Gemimos hace ya mucho tiempo bajo los azotes que nos hieren, y hay buenos motivos para temer otros mayores. Todos se apenan por ello, muchos se indignan y, lo que es peor, prorrumpen en amargas quejas. Mas, por desgracia, raros son los que conocen su verdadera causa y trabajan para poner el remedio necesario.
¡Entendámoslo bien, cristianos!
La verdadera causa de todos los males es el pecado. El pecado hace infelices a los pueblos. El hombre se atreve a ofender y ultrajar a Dios y Dios ofendido y ultrajado por el hombre, lo castiga, lo corrige. Así nos lo enseña la razón, así lo enseña la fe. Solo el necio puede ponerlo en duda.

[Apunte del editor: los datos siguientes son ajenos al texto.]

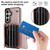 Samsung Galaxy S26 RFID Card Slot Phone Case with Long Lanyard - Rose Gold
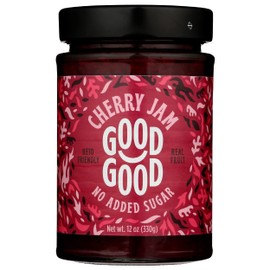 Good Good Keto Cherry Jam, No Added Sugar, 12 Ounce (Pack of 6)
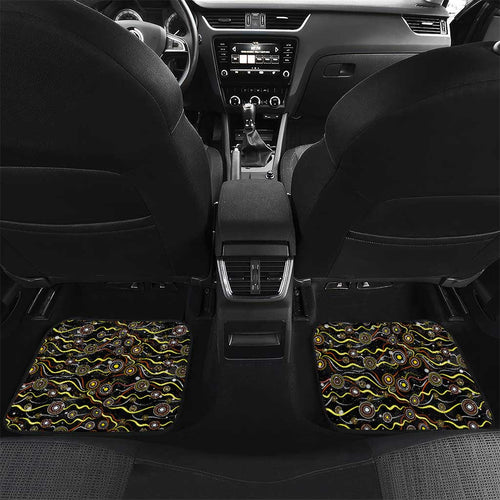 Merry Christmas AFL Giants Car Mats Aboriginal Santa Football Mascot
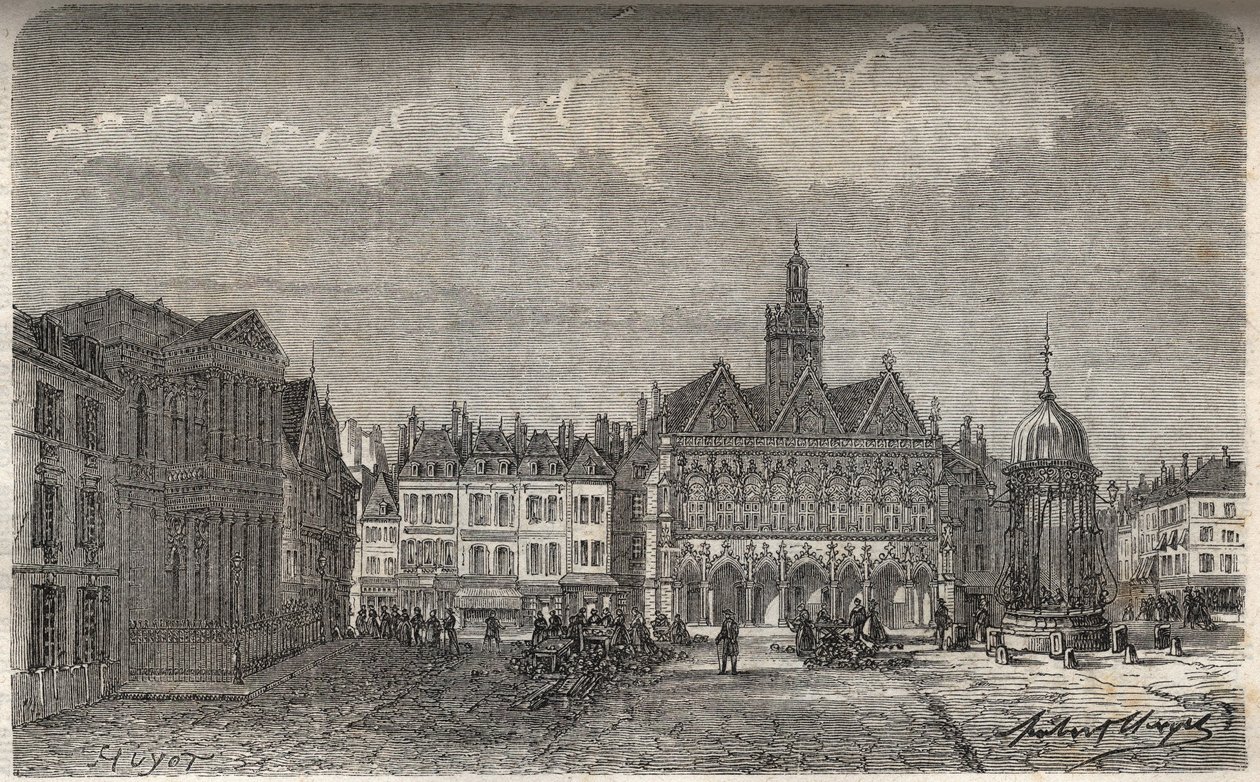 Saint Quentin (Saint-Quentin) Departement Aisne - Gravur in 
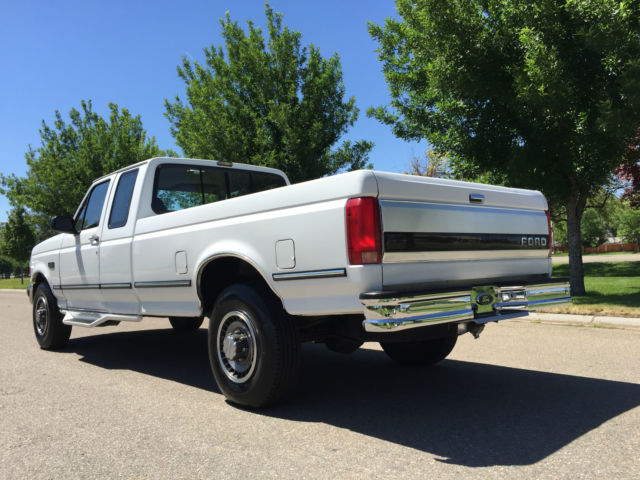 1992 ford supercab xlt f-250 original owner low miles 61.000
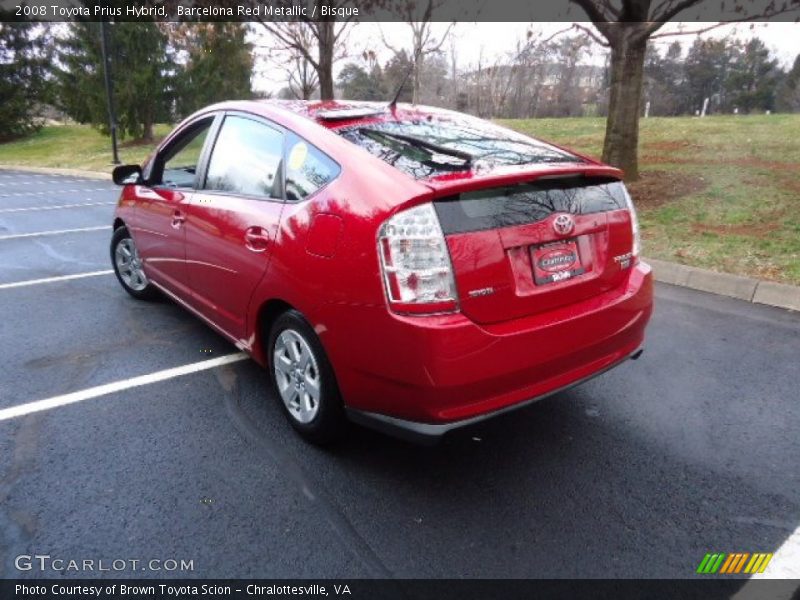 Barcelona Red Metallic / Bisque 2008 Toyota Prius Hybrid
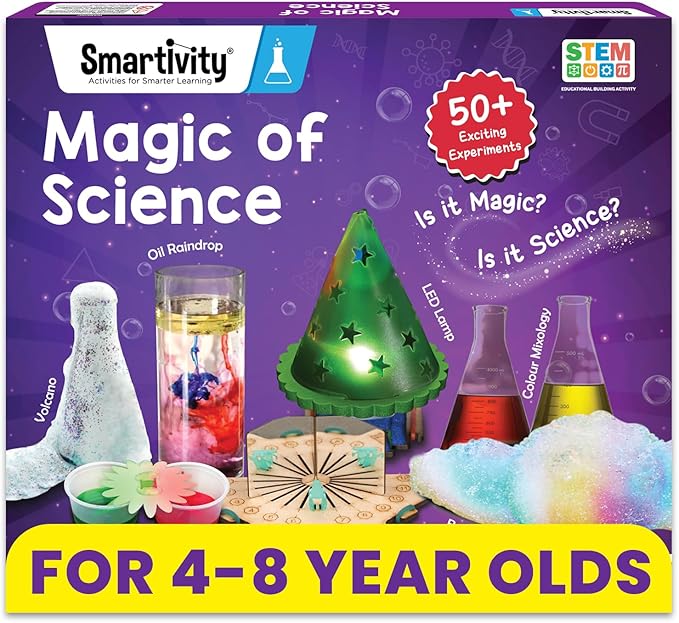 Smartivity Magic Science Kit for Kids Ages 4, 5, 6, 7, 8 Years | 50+ Amazing Science Experiments I Birthday Gifts for Boys & Girls | I Educational Toy for Kids Age 4-8 Years Old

¿Queremos, pues, alejar los males que nos afligen y guardarnos de los que nos amenazan? Alejemos su causa, el pecado: reconciliémonos con Dios, aplaquemos su ira, demos satisfacción a su justicia.
Dios, rico en misericordia, por la excesiva caridad con que nos ama, nos da en Jesucristo, su Hijo, un medio fácil y seguro para nuestra reconciliación. Este medio costó a Jesucristo toda su sangre, a nosotros sólo nos cuesta la buena voluntad de aprovecharnos de ella; se encuentra en la confesión sacramental. Así nos la asegura la fe y, animados por ella, durante todos los siglos de la Iglesia, siempre se han aprovechado de ella los fieles de todo el mundo y han sacado grandes ventajas.
Pero, ¡oh Dios mío! Cuántos infelices pecadores no se aprovechan de este medio fácil y, en lugar de reconciliarse con Dios, le ofenden y provocan más su justicia a castigos cada vez mayores, a los que seguirán otros muchos más espantosos por toda la eternidad en el infierno.
Cristianos, ¿cómo podremos mirar con indiferencia la ruina de tantos hermanos nuestros y dejar que se encienda cada vez más la ira de Dios y aumentar día a día los castigos, incluso temporales, contra ellos y contra todos nosotros?
ESTE TEXTO no es nuestro. Fue escrito al principio del año 1860 por san Juan Bosco. A las tribulaciones y azotes aludidos por el Santo, sucedieron terribles castigos, entre ellos las dos horrorosas guerras mundiales. Porque la gente quiso seguir viviendo no sólo al margen de Dios, sino en contra de Dios. Lo mismo que hoy. ¿Qué podemos esperar?